Here, in order to prevent the outer peripheral packing sections from coming off to fall, it is necessary to prevent the ring members from shifting inwardly in the axial direction from the position for closing the gaps between the outer surfaces at the ends of the combustion plates and the inner surfaces of the flange sections of the holding plates. In this case, it is conceivable to push the ring members into the inner sides of the flange sections of the holding plates and, then, caulk edges of the flange sections inwardly in the radial direction partially, and prevent shift of the ring members with the caulked portions. However, time and labor are required.
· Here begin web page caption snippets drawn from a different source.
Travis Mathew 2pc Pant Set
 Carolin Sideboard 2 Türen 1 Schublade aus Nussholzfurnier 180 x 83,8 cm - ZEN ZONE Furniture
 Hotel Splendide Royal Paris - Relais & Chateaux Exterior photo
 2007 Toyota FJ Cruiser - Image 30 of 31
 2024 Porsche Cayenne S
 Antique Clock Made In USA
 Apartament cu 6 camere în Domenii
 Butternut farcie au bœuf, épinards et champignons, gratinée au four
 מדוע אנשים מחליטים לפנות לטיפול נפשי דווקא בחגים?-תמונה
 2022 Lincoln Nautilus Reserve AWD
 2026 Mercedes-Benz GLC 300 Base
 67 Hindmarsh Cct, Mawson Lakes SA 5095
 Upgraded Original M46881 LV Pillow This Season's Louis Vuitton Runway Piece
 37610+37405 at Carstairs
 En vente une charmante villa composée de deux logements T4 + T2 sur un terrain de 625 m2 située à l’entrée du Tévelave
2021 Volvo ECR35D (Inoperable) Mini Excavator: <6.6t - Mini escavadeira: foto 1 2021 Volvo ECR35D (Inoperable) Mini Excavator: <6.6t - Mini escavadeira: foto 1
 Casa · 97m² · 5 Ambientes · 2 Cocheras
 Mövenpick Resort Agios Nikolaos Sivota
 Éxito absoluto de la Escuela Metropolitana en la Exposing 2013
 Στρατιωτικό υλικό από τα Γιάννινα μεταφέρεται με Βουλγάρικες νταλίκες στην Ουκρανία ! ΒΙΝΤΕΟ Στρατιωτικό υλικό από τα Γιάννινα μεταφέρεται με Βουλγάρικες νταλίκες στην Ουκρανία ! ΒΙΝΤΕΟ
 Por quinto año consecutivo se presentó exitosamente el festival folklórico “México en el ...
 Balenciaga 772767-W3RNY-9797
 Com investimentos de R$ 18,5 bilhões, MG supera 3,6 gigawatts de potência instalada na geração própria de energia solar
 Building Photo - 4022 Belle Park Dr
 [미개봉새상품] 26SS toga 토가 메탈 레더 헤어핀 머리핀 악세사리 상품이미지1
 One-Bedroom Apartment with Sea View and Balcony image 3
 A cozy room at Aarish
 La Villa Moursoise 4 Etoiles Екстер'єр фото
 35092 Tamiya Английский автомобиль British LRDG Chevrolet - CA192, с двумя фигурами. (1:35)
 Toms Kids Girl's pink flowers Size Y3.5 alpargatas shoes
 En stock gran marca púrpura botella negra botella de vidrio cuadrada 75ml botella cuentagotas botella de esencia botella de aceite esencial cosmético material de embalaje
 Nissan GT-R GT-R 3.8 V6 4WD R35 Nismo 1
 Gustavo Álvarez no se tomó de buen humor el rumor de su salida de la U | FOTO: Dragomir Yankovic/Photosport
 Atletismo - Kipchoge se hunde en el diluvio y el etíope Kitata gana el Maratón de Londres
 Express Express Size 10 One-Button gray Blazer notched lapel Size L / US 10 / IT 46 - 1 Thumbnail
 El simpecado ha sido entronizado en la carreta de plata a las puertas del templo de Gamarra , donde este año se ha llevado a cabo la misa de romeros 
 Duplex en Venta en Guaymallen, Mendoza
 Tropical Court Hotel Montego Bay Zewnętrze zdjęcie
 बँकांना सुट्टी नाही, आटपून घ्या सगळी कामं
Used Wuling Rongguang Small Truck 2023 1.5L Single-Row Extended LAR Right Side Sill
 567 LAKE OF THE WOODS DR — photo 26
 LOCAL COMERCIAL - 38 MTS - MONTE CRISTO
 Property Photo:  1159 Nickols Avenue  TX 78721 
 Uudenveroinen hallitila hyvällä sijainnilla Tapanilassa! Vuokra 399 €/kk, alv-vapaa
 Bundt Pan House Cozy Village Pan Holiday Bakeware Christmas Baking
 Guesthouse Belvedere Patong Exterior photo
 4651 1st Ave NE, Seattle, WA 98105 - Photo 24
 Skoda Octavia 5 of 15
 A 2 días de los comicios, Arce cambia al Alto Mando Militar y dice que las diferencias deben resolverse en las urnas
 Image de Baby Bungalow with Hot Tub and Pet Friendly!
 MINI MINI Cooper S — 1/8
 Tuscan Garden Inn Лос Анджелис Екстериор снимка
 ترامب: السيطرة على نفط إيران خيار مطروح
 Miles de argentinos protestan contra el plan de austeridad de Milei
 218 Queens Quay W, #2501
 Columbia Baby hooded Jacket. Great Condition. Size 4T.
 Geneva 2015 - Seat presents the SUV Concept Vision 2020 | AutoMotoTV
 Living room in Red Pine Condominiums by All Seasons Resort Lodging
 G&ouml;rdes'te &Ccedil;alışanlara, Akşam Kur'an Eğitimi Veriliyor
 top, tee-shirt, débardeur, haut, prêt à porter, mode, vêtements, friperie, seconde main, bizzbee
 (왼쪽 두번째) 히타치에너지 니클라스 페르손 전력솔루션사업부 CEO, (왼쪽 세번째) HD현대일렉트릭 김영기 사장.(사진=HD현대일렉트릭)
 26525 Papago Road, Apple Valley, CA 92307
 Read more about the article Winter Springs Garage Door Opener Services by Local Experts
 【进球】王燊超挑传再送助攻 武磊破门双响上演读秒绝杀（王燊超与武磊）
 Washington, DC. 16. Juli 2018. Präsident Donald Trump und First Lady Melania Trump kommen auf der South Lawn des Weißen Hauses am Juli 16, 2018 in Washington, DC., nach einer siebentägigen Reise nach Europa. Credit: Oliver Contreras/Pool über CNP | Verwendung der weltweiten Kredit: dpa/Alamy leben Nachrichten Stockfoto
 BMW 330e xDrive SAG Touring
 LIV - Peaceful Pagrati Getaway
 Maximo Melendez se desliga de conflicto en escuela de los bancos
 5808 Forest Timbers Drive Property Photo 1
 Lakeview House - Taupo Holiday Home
Thus, it is desirable to form sunken sections sunken inwardly in the radial direction on the outer surfaces of the respective combustion plates thereof, set an inner diameter of the flange sections of the respective holding plates such that the outer peripheral packing sections are compressed by a predetermined interference and sandwiched between the inner surfaces of the flange sections and the sunken sections, and mount the ring members to engage with the sunken sections. Consequently, steps at inner ends in the axial direction of the sunken sections work as stoppers to prevent the ring members from shifting. Therefore, post processing for preventing the ring members from shifting is made unnecessary, which is advantageous in realizing a reduction in cost.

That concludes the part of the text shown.